November is here, peeps. That means, the greyest, dreariest, (and some say, most depressing) days of the year are ahead. If you tend to struggle with seasonal affective disorder (AKA SAD) now’s about the time you might start to feel it creeping up. Here’s the good news: Help is all around us in this city. From super-charged meditation studios to super cheap bulk herb dispensaries, we are fully equipped to protect ourselves from winter gloom.
Here’s where to go to keep your mood up, your energy high, and your vibe RIGHT this winter:
For pretty much all your wellness needs, you can count on Hoame. In addition to meditation classes in light and dark rooms, there’s an infrared sauna, salt cave and a consistently packed calendar of super sumptuous events (salt cave sound bath anyone?). If you know love the idea of meditation but die of boredom sitting on your mat at home alone, you need to come to Hoame this winter.
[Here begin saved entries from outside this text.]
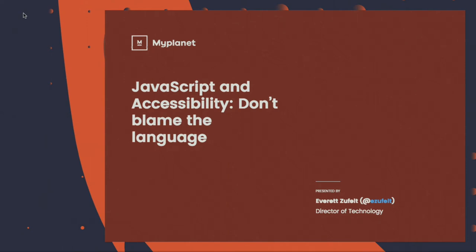Welcome to DrupalCon. This session is JavaScript and accessibility. I'm Everett Zufelt and I'll be presenting here again as well.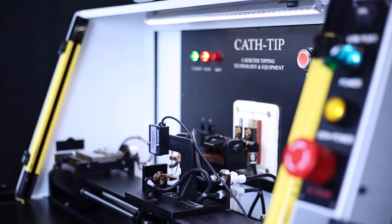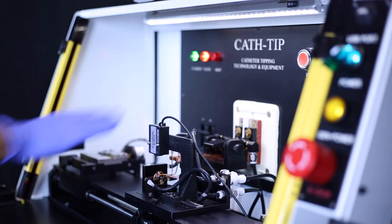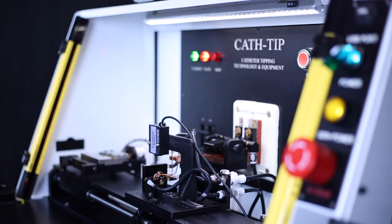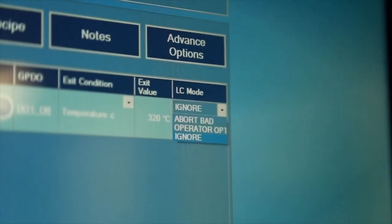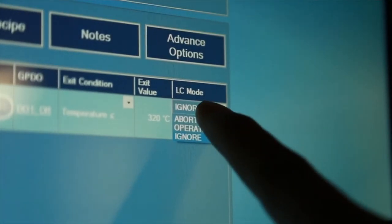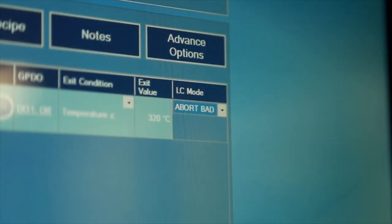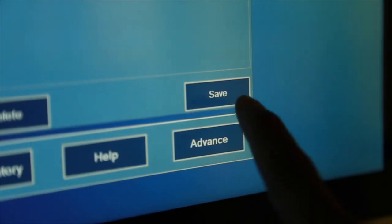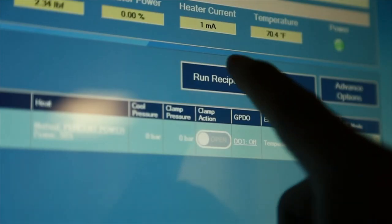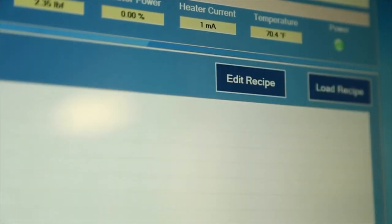Then, choose what happens when the light curtain is tripped. Abort bad cycle, operator option, or ignore. Make sure to save or run when complete.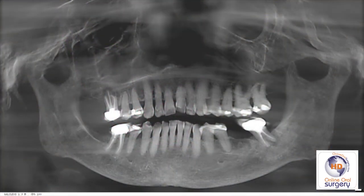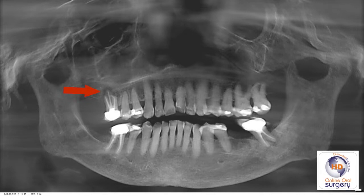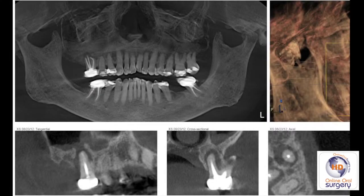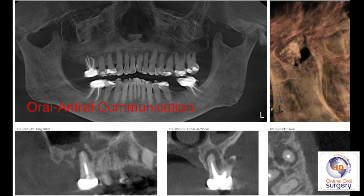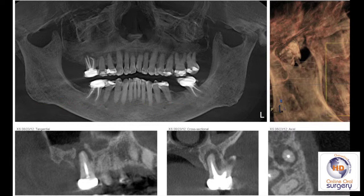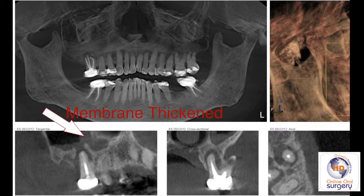Our radiograph of choice in this case is a cone beam CT. On the Galileo panoramic projection you'll notice right away there's a radiolucent lesion at the apex of tooth number three. Looking at other slices, there is a rather large area of radiolucency at the apex of the palatal root of tooth number three, and this radiolucent area actually perforates into the maxillary sinus. It's a fairly extensive lesion — it not only perforates into the sinus but there is also reactive thickening of the sinus membrane and fluid in the sinus adjacent to it.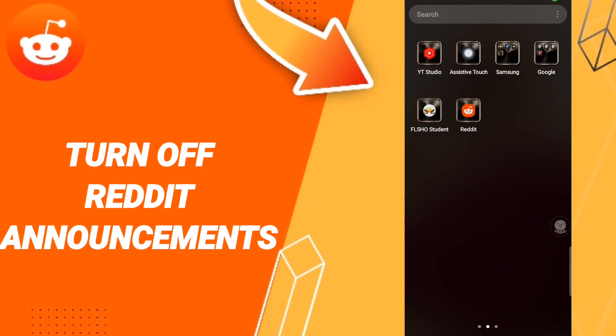Today we'll talk about how to turn off Reddit announcements on the Reddit application. To do this, you should go to the Reddit tab as you can see.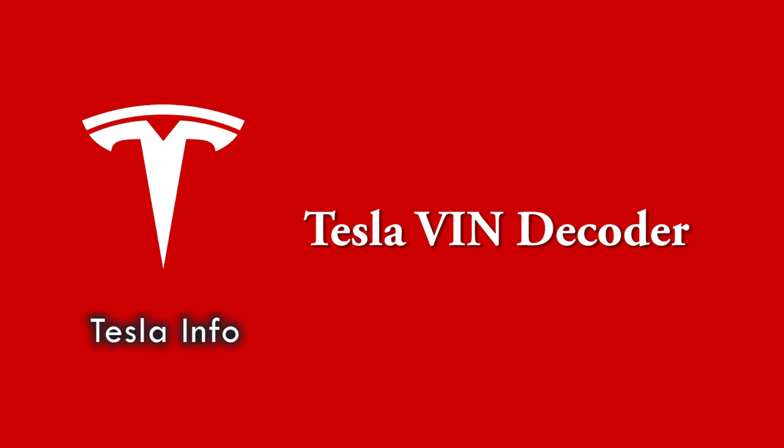Welcome to Tesla Info and today we're talking about the Tesla VIN Decoder. Don't forget to like our content and subscribe if you want to see more.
Octopus Garden is more than a yoga studio, it’s also a space where a community of health-based practitioners offer services from osteopathy to naturopathy to massage and more. If you’re serious about feeling good from head to toe, bring your bod here. Also, check out their workshops, like The Art of Slow workshop on November 24th, which will teach you rituals and practices for embracing a slower, more mindful way of being. That’s what winter invites us to do, right?
Let’s be real: The only real way to truly keep your mood up in winter is to feed your body quality fuel. To maintain a strong immune system, gut health and brain chemistry, we have to invest in our physical health, and Impact Kitchen is one of the best places to do it IMO. From bone broth to smoothies and juices to protein-packed powerbowls, this menu is literally the stuff of vibrant health. They’re on Ritual and Uber Eats, too – which you end up scouring on the regular anyway. Better make it really worth your $ this winter.
Essence of Life Organics in Kensington Market
This 22-year old apothecary and herbal dispensary in Kensington Market is easily the best in the city for it’s sheer quality and quantity (and affordability!) of natural health products. It’s a one-stop-shop for keeping seasonal depression off your mind in November. Get your liquid vitamin D, your oil of oregano, mushroom drink mixes, uplifting essential oils and glow-y beeswax candles, organic superfoods and loose leaf teas – etc. etc. etc. Come and stock up on all the things for winter.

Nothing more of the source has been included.